Structural Analysis 1

The aim of structural analysis is to predict the behavior of structures. In particular, deformations and stresses due to a certain loading are derived. The course Structural Analysis 1 is dedicated to structures which consists of beams and trusses. Statically determinate and indeterminate systems are calculated by conventional methods of analysis by hand. For statically indeterminate systems, the flexibility method (force method) is taught. The principles of virtual work and virtual forces are intensively discussed.

Further information about this course in TUGRAZonline or TeachCenter.

Structural Analysis 2

Displacement methods are introduced in Structural Analysis 2. They enable an efficient calculation of displacements and stresses in beam structures. Moreover, these methods serve as preliminary for computational structure analysis.
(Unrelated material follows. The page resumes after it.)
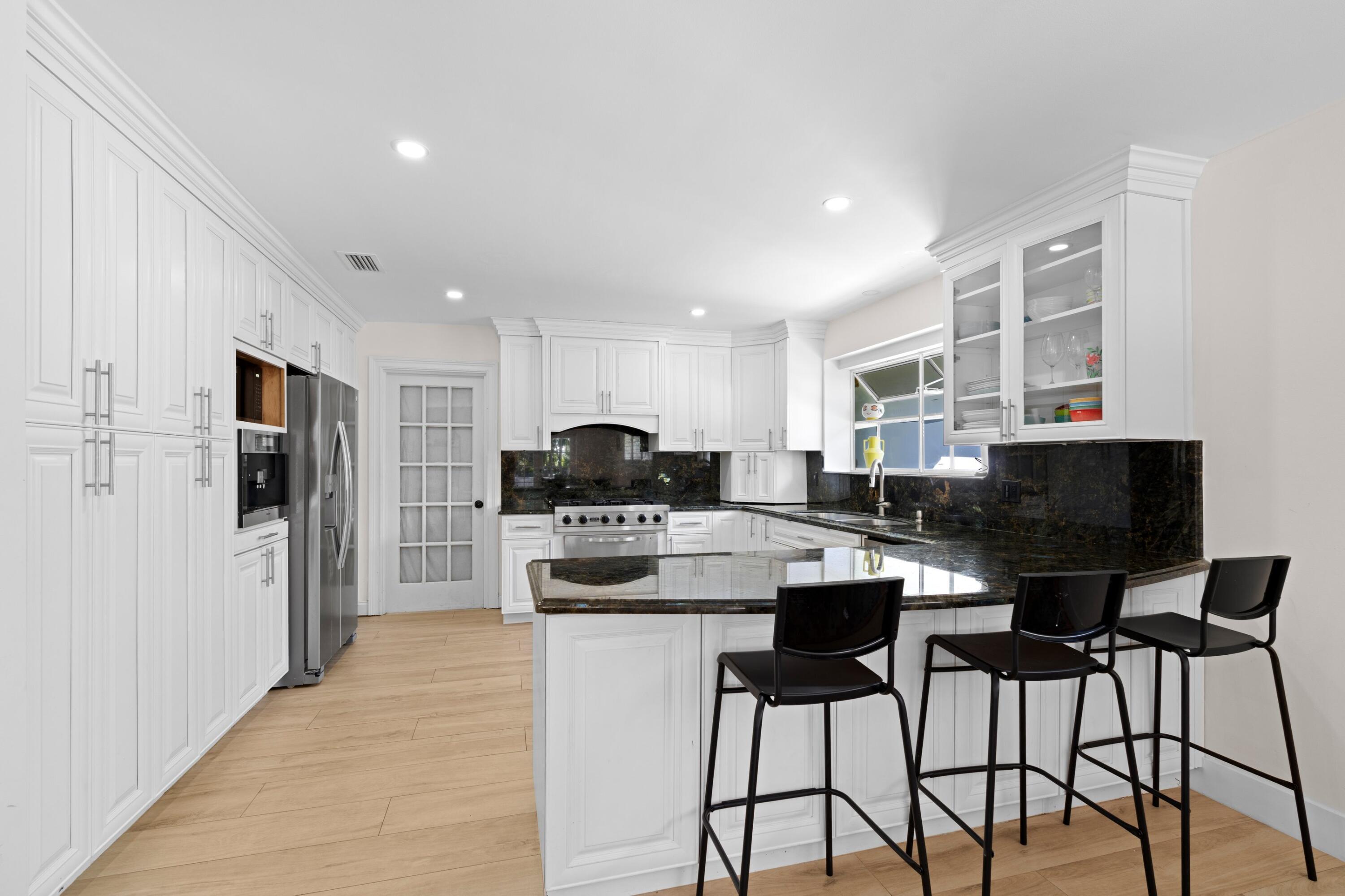 BIBLE CONFERENCE ESTATES - Residential Lease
Corresponding computer implementations are detailed (in Matlab®). Selected topics in structural analysis are covered: influence lines, three-dimensional systems, load factor or limit state analysis. Plates and shells are introduced as important elements in structural engineering. The theoretical models and their properties are discussed and their approximate solution based on the finite element method (FEM) is outlined.

Further information about this course in TUGRAZonline or TeachCenter.

Mathematics 3

This course consists of two parts: "Statistics and probability theory" on the one hand and "Numerics of differential equations" on the other, the latter is covered by the Institute of Structural Analysis. The solution of differential equations is an essential part in many applications in civil engineering. In most cases, exact solutions can not be provided so that the solution must be approximated. Therefore, numerical methods (simulation methods) are used, typically leading to a large system of equations for the unknown solution at selected points in the domain of interest. This course gives attention to the finite difference method (FDM) where differential operators are replaced by finite differences. Typical models in civil engineering such as beams, rods, and shells are solved by the FDM. In particular, static/dynamic and linear/non-linear situations are outlined. For the implementations, Matlab® is used which is introduced within this course.

Further information about this course in TUGRAZonline or TeachCenter.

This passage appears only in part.